Sobretudo, não se fecha a torneira para as zonas verdes para criar ainda mais hostilidade climática e desequilíbrio.
Quando é que se começará a exigir dos governantes que liberem a água dos lençóis freáticos, que não é nem dos governos, nem das empresas que escolhem para os/nos explorar? Quando se exigirá que além de uma aposta maciça na educação, implementem mais zonas verdes em todo o lado, cisternas e outros sistemas de recolha e tratamento de águas, para benefício comum e imediato de todos?
Em vez de secarem propositadamente o planeta, a missão de qualquer governo é fazer tudo ao seu alcance para evitar a seca que nada mais é do que o reflexo de todos os abusos que se habituaram a cometer sobre pessoas e espaços comuns.
E se um governante faz questão de nos assustar sobre este tipo de calamidade, sem qualquer proposta concreta, então faz parte do problema e deve ser erradicado como qualquer seca, crise e malfeitoria que se abata sobre a cabeça de todos.
A água é um bem de todos e todas as medidas que isso contrariam devem ser encaradas como um crime grave contra a Humanidade. Haja vergonha e mais acção concreta para manter um equilíbrio que nos é devido.

quinta-feira, 16 de novembro de 2017

o inquilinato tonto

Biscaia by MMF
Vimos a este planeta como uma mão cheia de terra, que usamos até o abandonar. Aqui dependemos da nossa ligação a todos os elementos para sobreviver. Os nossos pulmões de nada servem sem as árvores e outras plantas, o nosso corpo não funciona sem água e comida. E quando nos vamos embora, essa mão cheia de terra regressa à Natureza, ao seu estado primordial.
Esquecemo-nos com frequência do que somos realmente e não nos chega o que temos todos os dias à nossa frente. Inventamos uma espécie que gostaríamos que fosse única e atribuímos-lhe uma personalidade que imaginamos mais atraente do que a matéria de que somos feitos.

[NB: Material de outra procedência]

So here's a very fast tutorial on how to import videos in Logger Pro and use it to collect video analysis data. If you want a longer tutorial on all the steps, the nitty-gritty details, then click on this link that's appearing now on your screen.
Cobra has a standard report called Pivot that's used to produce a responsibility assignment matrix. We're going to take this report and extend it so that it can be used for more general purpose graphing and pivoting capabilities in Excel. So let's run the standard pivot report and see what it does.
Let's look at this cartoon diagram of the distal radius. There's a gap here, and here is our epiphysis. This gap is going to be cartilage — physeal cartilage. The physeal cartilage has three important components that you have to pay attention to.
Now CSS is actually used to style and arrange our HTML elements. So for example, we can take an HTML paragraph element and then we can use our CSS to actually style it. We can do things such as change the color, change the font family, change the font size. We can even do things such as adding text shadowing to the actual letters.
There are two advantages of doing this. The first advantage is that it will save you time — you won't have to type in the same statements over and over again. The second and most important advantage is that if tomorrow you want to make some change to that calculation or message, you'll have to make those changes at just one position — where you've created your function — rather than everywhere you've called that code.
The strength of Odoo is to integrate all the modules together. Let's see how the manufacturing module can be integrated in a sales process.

Se os nossos primeiros antepassados tivessem um vislumbre do que somos agora ficariam estupefactos com a ficção em que se tornou a nossa vida. 
Ficariam incrédulos com a exploração da água e das fontes de energia, que são do planeta e para uso de todos os punhados de terra existentes, porque nunca foram de ninguém, nem poderão jamais ser. Tentariam chamar-nos à razão sobre os instintos de posse e os loucos conceitos de propriedade que desenvolvemos. Como podemos arrogar-nos esses atributos, se para começo de conversa só estamos aqui de empréstimo, por umas escassas dezenas de anos e para seguir depois viagem?

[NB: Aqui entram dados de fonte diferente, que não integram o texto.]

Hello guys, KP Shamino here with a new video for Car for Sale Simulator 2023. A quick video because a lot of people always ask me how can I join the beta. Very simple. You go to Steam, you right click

Como seria possível entenderem o inferno em que transformámos a nossa passagem pelo planeta, com leis e regulamentos cada vez mais intrincados e disparatados, por não terem em conta a verdadeira natureza da nossa estada aqui?
Que sentido poderia possivelmente fazer a educação que recebemos de nascença, de uma identidade cega para o nosso planeta hospedeiro e para com a sua abundância e generosidade, que desbaratamos com a alucinação das medíocres ideologias que vamos construindo à medida dos nossos pequeninos desejos de posse?
A Terra não tem problemas e sobreviverá a todos os atentados que nela cometemos. Quando tornarmos a nossa vida insustentável aqui, retomará tranquilamente o seu equilíbrio e aguardará novas visitas, sem medos tontos de aniquilações várias.
O planeta também tem a sua alma/ânima e não se sustenta de dúvidas existenciais. Essas ficam para os seus destituídos inquilinos ocasionais, com as suas fúteis pretensões de poder e domínio sobre a matéria.
Como pode alguém pretender dominar um planeta, se não consegue perceber que faz parte dele?